We have weathered more in the past year than most couples do in five.

But it’s awfully easy to fall in love when your weekends are going on beautiful adventures in exotic new countries and places unseen to much of the human population.

When a long weekend in Cape Town becomes is just as feasible as a weekend in New York was back home, camping under the stars in one of South Africa’s many National Parks is a frequent event and road trip through the sand dunes of Namibia is the same flight distance as Florida from DC, it all just begs the question: is this even real life?

The Paradox of Expat Relationships

Of course it’s real life because it’s real and it’s happening, but when our contracts are up, where do we go? We’ve talked about going back to Copenhagen for a bit, toyed with the idea of trying Portland or another US city, discussed the possibility of staying in Southern Africa or maybe even going to Italy for a few months to put off the real world for a bit longer, but will we be the same “us” in any of those places as we are here in our Maseru bubble?  Will our relationship translate to the mundane of everyday life back home?

Only time will tell.

 

Have you have been part of an expat relationship? How did it go? Email us at [email protected] for information about sharing your experience and advice with the Pink Pangea community. 

About Stefania Dalton

Originally from New Jersey, Stef made her way from Nicaragua to DC to Italy to Maseru and now in her next adventure, Sweden! In addition to travel, Stef loves red wine, napping, cooking, strong black coffee, and being outdoors (often in that sequence).

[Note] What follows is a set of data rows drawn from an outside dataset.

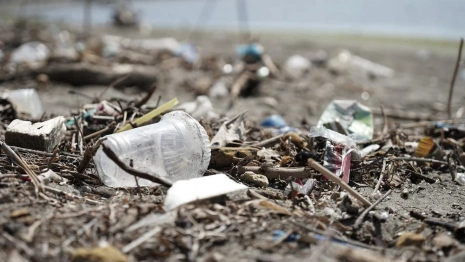 Владимирская область попросит помощи у Москвы в вывозе мусора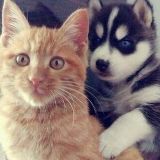 哈士奇生活百科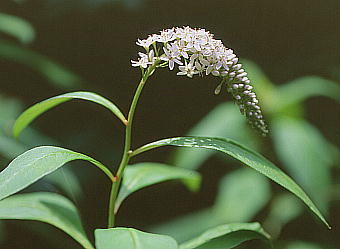 Lysimachia clethroides IJgmI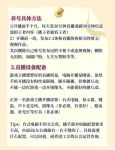 去拍小视频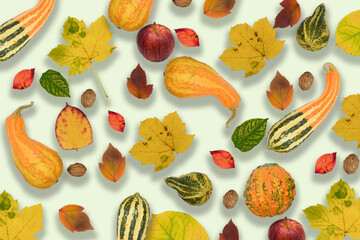 autunno foglie zucche 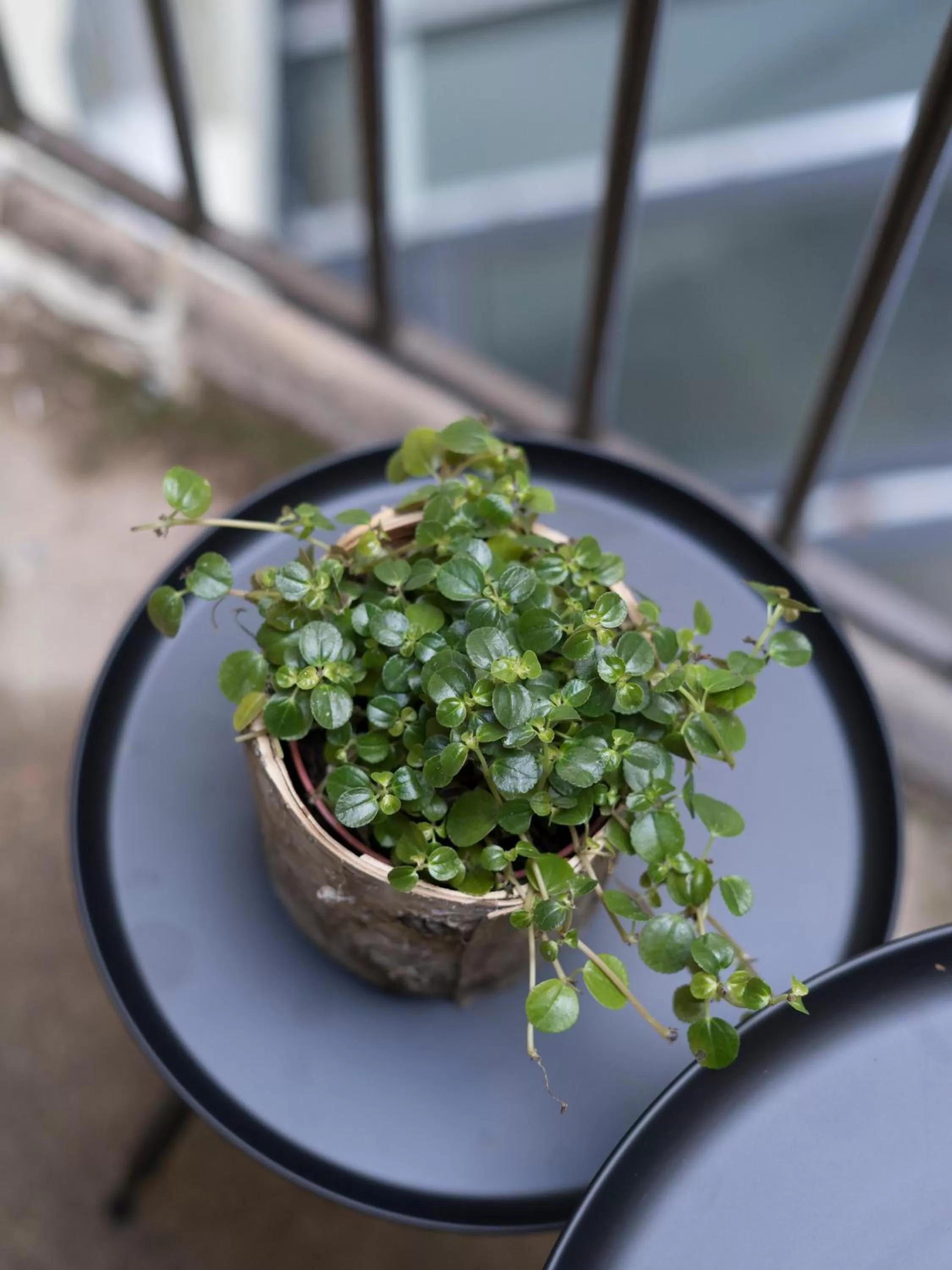 Floor plan, Food in MiHotel Comte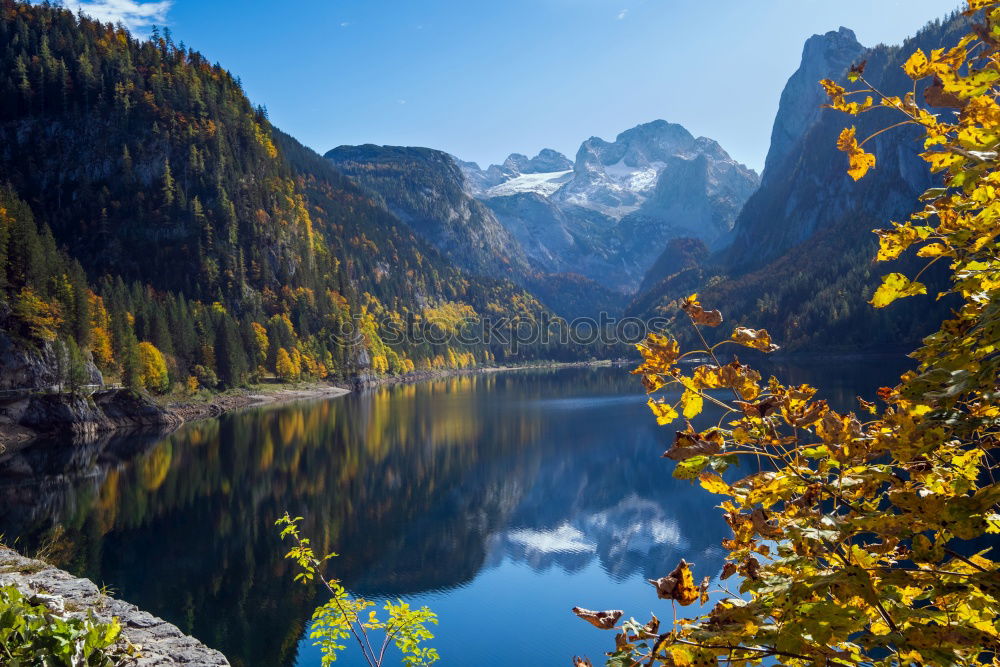 Similar – Image, Stock Photo District of Hohenschwangau and its castles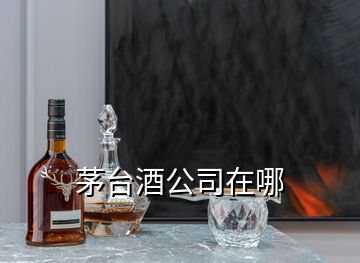 茅臺(tái)酒公司在哪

One thought on “The Paradox of Expat Relationships

  1. June 14, 2016
    Reply

    Hey Stefania,
    We know how this feels! My boyfriend and I met in a ski resort while working the season and for four months we lived, skied, worked, socialised and did everything together… Due to a broken collar bone I had to leave a month before him but we had both agreed we wanted things to continue so we put the effort into skyping regularly. Four weeks later it was the best feeling when he hopped off of his bus! We are now saving hard over the summer to (fingers crossed) run away to Japan for a year in the Autumn. Being away from the bubble of where we met certainly made thing different but it’s all part of the adventure we think!